:: Exercise ::
From the listing below, retype exactly the line holding "Schade bij botsing tussen drie auto's", the line holding "Person wheeling a", and the lines between them; skip everything else.

:: Source information ::
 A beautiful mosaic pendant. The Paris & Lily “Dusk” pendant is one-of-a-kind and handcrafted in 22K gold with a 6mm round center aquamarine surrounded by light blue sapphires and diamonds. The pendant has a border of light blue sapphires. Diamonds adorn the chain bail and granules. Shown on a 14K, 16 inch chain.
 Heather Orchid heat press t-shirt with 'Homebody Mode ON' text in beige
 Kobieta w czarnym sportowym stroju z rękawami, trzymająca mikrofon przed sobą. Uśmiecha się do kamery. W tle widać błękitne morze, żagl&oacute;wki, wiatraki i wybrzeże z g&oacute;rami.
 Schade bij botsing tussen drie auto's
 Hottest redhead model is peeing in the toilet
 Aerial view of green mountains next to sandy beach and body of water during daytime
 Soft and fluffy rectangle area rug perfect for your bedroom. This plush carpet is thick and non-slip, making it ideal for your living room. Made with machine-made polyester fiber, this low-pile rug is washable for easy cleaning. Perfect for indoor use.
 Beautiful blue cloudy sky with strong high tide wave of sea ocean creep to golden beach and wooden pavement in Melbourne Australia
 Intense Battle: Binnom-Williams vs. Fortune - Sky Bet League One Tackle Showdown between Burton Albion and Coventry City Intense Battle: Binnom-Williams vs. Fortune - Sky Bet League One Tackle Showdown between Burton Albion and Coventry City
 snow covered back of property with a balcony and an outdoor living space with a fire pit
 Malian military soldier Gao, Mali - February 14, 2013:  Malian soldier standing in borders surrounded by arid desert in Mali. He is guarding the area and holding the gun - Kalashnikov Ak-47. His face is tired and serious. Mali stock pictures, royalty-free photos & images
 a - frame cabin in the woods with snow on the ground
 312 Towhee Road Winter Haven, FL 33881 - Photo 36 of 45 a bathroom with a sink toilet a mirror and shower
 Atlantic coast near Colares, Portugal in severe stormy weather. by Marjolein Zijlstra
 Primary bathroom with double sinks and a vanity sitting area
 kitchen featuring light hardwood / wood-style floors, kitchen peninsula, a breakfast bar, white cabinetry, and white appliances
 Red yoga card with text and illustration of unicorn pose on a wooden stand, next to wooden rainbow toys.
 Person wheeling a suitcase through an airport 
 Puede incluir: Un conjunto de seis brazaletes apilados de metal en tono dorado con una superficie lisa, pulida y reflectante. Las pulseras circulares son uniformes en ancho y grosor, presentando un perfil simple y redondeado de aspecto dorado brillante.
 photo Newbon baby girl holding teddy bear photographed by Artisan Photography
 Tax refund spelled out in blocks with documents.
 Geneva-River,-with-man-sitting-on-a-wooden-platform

:: Exercise output ::
 Schade bij botsing tussen drie auto's
 Hottest redhead model is peeing in the toilet
 Aerial view of green mountains next to sandy beach and body of water during daytime
 Soft and fluffy rectangle area rug perfect for your bedroom. This plush carpet is thick and non-slip, making it ideal for your living room. Made with machine-made polyester fiber, this low-pile rug is washable for easy cleaning. Perfect for indoor use.
 Beautiful blue cloudy sky with strong high tide wave of sea ocean creep to golden beach and wooden pavement in Melbourne Australia
 Intense Battle: Binnom-Williams vs. Fortune - Sky Bet League One Tackle Showdown between Burton Albion and Coventry City Intense Battle: Binnom-Williams vs. Fortune - Sky Bet League One Tackle Showdown between Burton Albion and Coventry City
 snow covered back of property with a balcony and an outdoor living space with a fire pit
 Malian military soldier Gao, Mali - February 14, 2013:  Malian soldier standing in borders surrounded by arid desert in Mali. He is guarding the area and holding the gun - Kalashnikov Ak-47. His face is tired and serious. Mali stock pictures, royalty-free photos & images
 a - frame cabin in the woods with snow on the ground
 312 Towhee Road Winter Haven, FL 33881 - Photo 36 of 45 a bathroom with a sink toilet a mirror and shower
 Atlantic coast near Colares, Portugal in severe stormy weather. by Marjolein Zijlstra
 Primary bathroom with double sinks and a vanity sitting area
 kitchen featuring light hardwood / wood-style floors, kitchen peninsula, a breakfast bar, white cabinetry, and white appliances
 Red yoga card with text and illustration of unicorn pose on a wooden stand, next to wooden rainbow toys.
 Person wheeling a suitcase through an airport 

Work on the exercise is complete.